- Born: 12 October 1904 Poços de Caldas, Minas Gerais, Brazil
- Died: 12 May 1991 (aged 86) Campinas, São Paulo, Brazil
- Other names: Laudelina Campos de Mello, Laudelina Campos Mello, Nina Campos de Mello
- Occupations: domestic worker, activist
- Years active: 1916–1988
- Known for: Organizing unions for domestic workers

= Laudelina de Campos Melo =

Laudelina de Campos Melo (12 October 1904 – 12 May 1991) was an Afro-Brazilian activist, labor organizer and community worker. A domestic worker for most of her life, she recognized early in life the discrimination against and undervaluation of working women. Throughout her life, she strove to change public perception and policy vis-à-vis domestic workers, and was successful in establishing organizations for domestic workers to lobby for being recognized as a class of workers entitled to labor rights.

==Early life==
Laudelina de Campos Melo was born on 12 October 1904 in Poços de Caldas, Minas Gerais, Brazil to Sidônia and Marco Aurélio. Her mother was a domestic worker and her father worked as a lumberjack. Both parents had been born to slaves, but under the terms of the Rio Branco Law, which passed in 1871, they were granted their freedom at birth, though their parents remained in bondage. At age 12, when her father was killed in a tree-felling accident, Melo quit school to care for her five younger siblings so that her mother could work full time in a hotel.

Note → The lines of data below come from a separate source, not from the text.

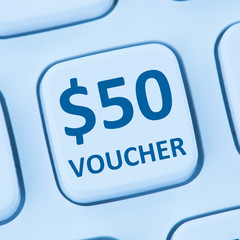 50 Dollar voucher gift discount sale online shopping internet store shop
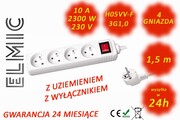 Przedłużacz elektryczny listwa z włącznikiem - 1.5 mb - WS NF 04 K / 1.5 / 1.0 / K - ELMIC biały ELMIC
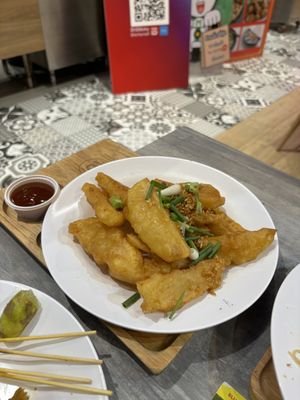 Potatoes - could do with more garlic   at So Vegan - Yaowarat​ in Bangkok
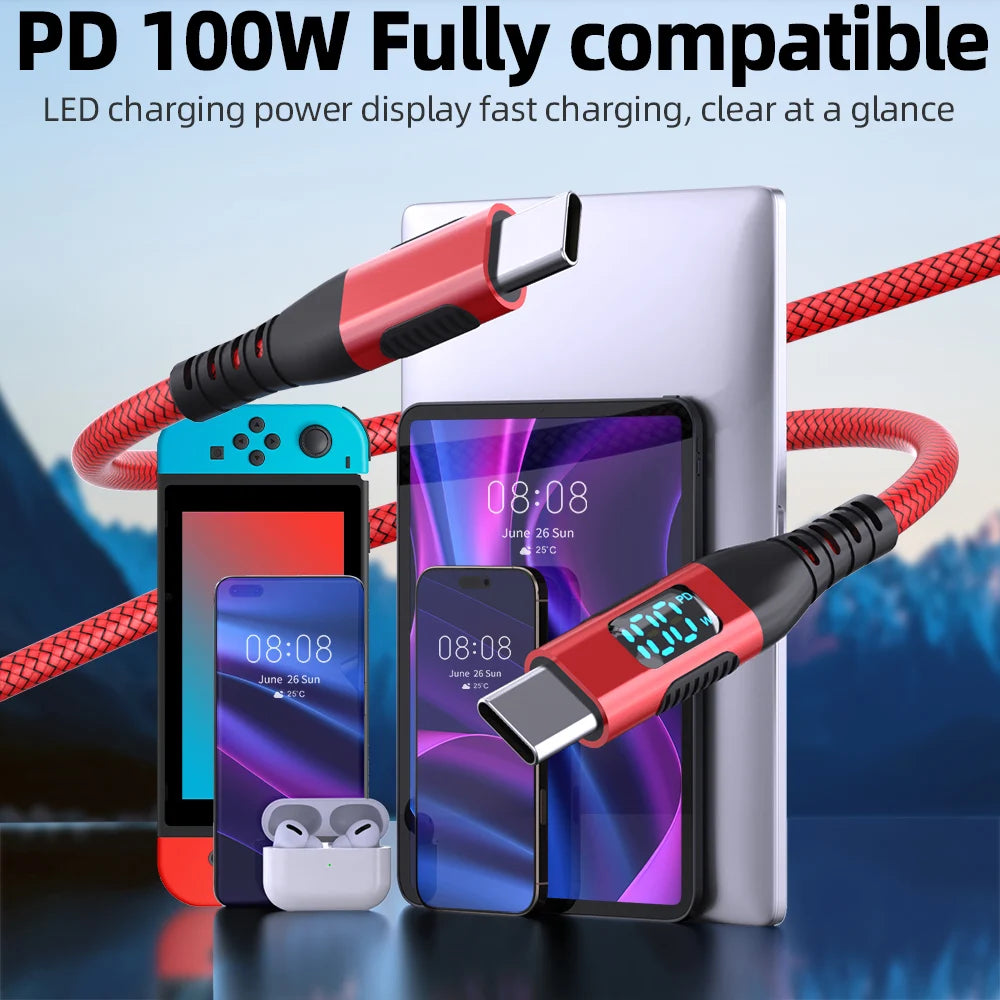 5A 100W USB C to Type C Fast Charging Cable with LED Display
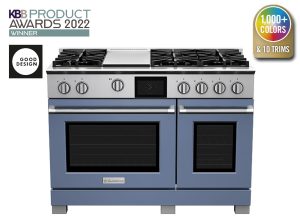 48" Dual Fuel Range with 12" Griddle from BlueStar in Pigeon Blue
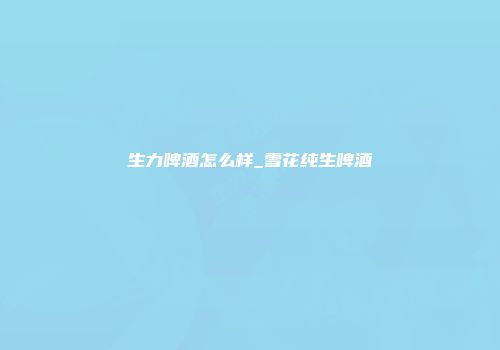 生力啤酒怎么样_雪花纯生啤酒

Interested in improving her community, from the time she was a teenager, Melo worked in various black cultural organizations. In 1920, she was elected president of a cultural group, Clube 13 de Maio, which focused on political activism and recreational activities. While still in her teens, she began working as a domestic for Julia Kubitschek. Kubitschek's son Juscelino would become president of Brazil in the mid-1950s and Melo lived and worked in the household even after they moved to São Paulo.

==Activism==
In 1924, Melo married a stone mason, Henrique Geremias, who was from Rio de Janeiro. She became politically active, joining the Communist Party of Brazil, the Frente Negra Brasileira (Black Brazilian Front), and the black cultural organization Saudades de Campinas. They remained in São Paulo, where their two children were born, until 1932, when they relocated to Santos. There, Melo's activism focused on reducing racial prejudice and undervaluing the labor of working women. Around 1936, she founded the Associação Beneficente das Domésticas de Santos (Santos Domestic Laborers' Association). By uniting workers in the organization, she hoped it would be a platform to improve their education on legal issues effecting them, as well as a vehicle to build a shared awareness and solidarity among women domestic workers to fight for their rights.

She continued to press for the rights of domestic workers until social organizations were banned by the dictatorship of President Getúlio Vargas. When Vargas was deposed by a coup d'état, in 1946, she resumed the activity of the domestic association as its president. Working as a nanny, in the late 1940s, Melo moved with the family of her employment to Mogi das Cruzes, where she managed a farmhouse/hotel until her employer died. Returning in 1954 or 1955 to Campinas, Melo opened a boarding house and left domestic work behind. She sold snacks at the Guarani and Ponte Preta football stadiums to supplement her income and redoubled her work in cultural and trade activism. Active in the Black Movement of Brazil, she participated in the Teatro Experimental do Negro (Black Experimental Theater) group, which aimed at providing confidence-boosting cultural activities through dance and theatrical performance to black youth. To facilitate access to training, Melo founded a dance and music school in Campinas.

In 1961, Melo founded the Associação dos Empregados Domésticos de Campinas (Association of Campinas' Domestic Laborers) to support literacy training and unionize domestic workers. She partnered with politicians like Francisco Amaral and with the progressive wing of the Catholic Church to continue pressing for the rights of domestic workers. However, she left the Association in 1968 due to conflicts within it. In 1972, domestic workers were granted the right to Social Security and yearly paid holidays.

In 1982, Melo was called back to the Association of Domestic Workers. She helped restructure the association into an official union in 1988, under the new name of the Sindicato dos Trabalhadores Domésticos de Campinas (Union of Domestic Workers).

==Death and legacy==
Melo died on 22 May 1991 in Campinas and donated her home to be used as the headquarters of the Sindicato dos Trabalhadores Domésticos. She is recognized as the founder of the first domestic workers' union in Brazil and a pioneer in bringing awareness to and rights protections for domestic workers in the country. Her work led to the development of similar organizations in other states and was pivotal to the recognition of domestic workers earning the right to be classed as laborers and have protected benefits.

===Tribute===
A biography about her was written by author Jarid Arraes as part of her 2015 cordel collection and book Heroínas Negras Brasileiras em 15 cordéis.

On October 12, 2020, Google celebrated her 116th birthday with a Google Doodle.